Strona:PL Reid Jeździec bez głowy.pdf/148

Z Wikiźródeł, wolnej biblioteki
Ta strona została skorygowana.

— Pan żartuje chyba, don Miguel? — odrzekła Isadora, patrząc na handlarza wzrokiem dumnym i pewnym siebie.
— Nie, mówię poważnie, donna Isadora.
Mimo niezwykłej swej odwagi, Isadora poczuła się nieswojo. Rzuciła niespokojnym wzrokiem dokoła, wyglądając spodziewanego przybycia Geralda. Diaz, jakby wyczuł to, bo wyciągnął z zanadrza przejęty za pośrednictwem Josego list i pokazał jej, mówiąc:
— Maurice nie przyjedzie tutaj, daremne oczekiwanie pani. List, wzywający go na schadzkę wpadł szczęśliwie w moje ręce i odsłonił mi całą tajemnicę. Wybieraj więc śmierć albo życie, bo niema czasu na namysły!
Miguel miał już w ręku błyszczący sztylet, gotowy do śmiertelnego ciosu, do spełnienia okrutnej groźby.

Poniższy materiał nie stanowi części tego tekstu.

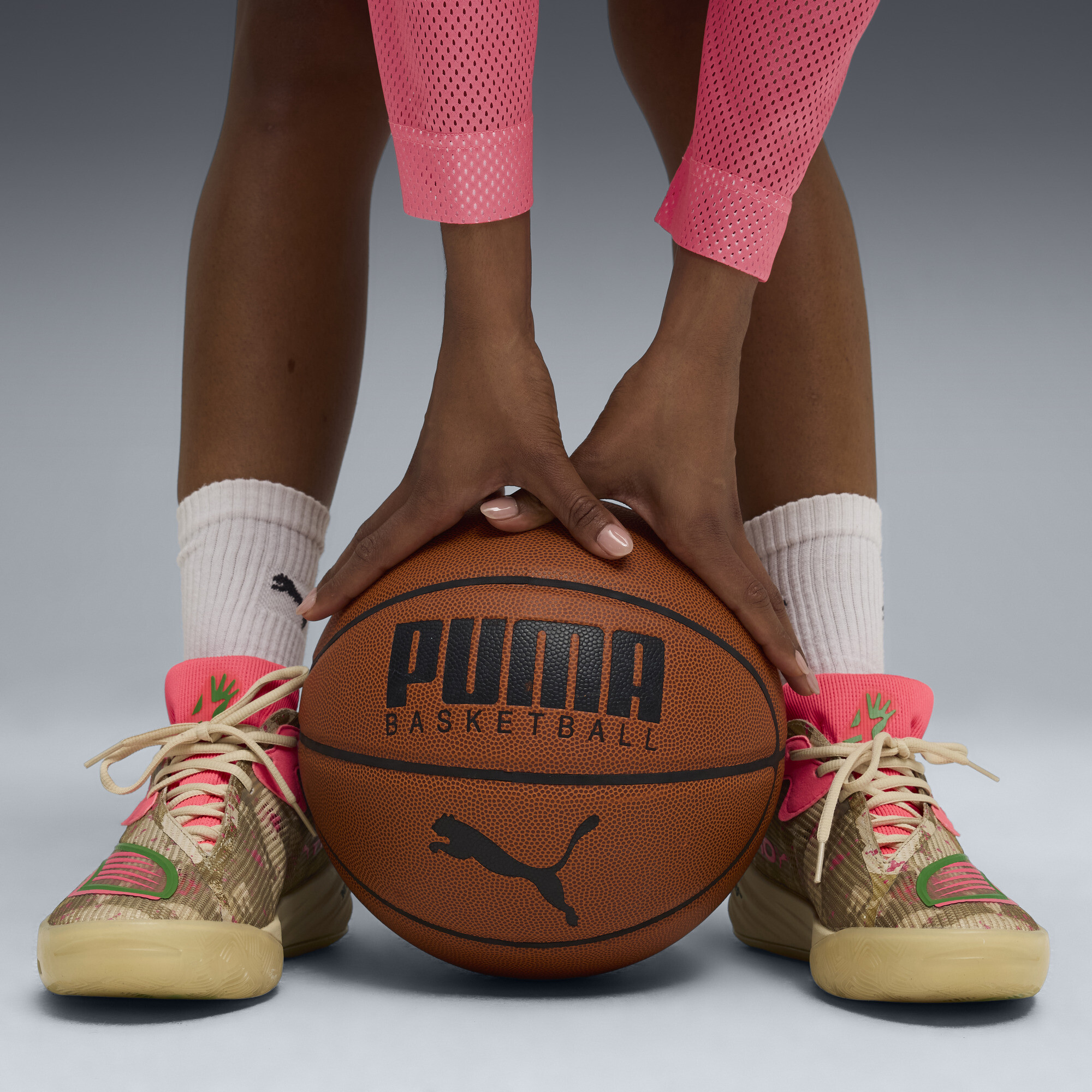 PUMA All-Pro NITRO™ 2 Flau'jae uniseks basketbalschoenen, Roze/Groen, Maat 42 thumbnail 8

— Śmierć albo życie! — powtórzył z morderczym wyrazem twarzy.
— Precz wstrętny napastniku! — krzyknęła Isadora i uczyniwszy błyskawiczny ruch, wyrzuciła w górę swe lasso.
Zanim Diaz zdążył zorjentować się w sytuacji, sznur skrępował mu ręce i szyję, wytrąciwszy mu broń z ręki i wyrzucając go z siodła na ziemię.
— Niegodziwcze! — rzekła Isadora, pochylając się nad Diazem. — Chciałeś mnie zabić, lub wymusić na mnie przysięgę, ale teraz role nasze zmieniły się. Leż i czekaj tutaj na ratunek tak, jak ja czekałam!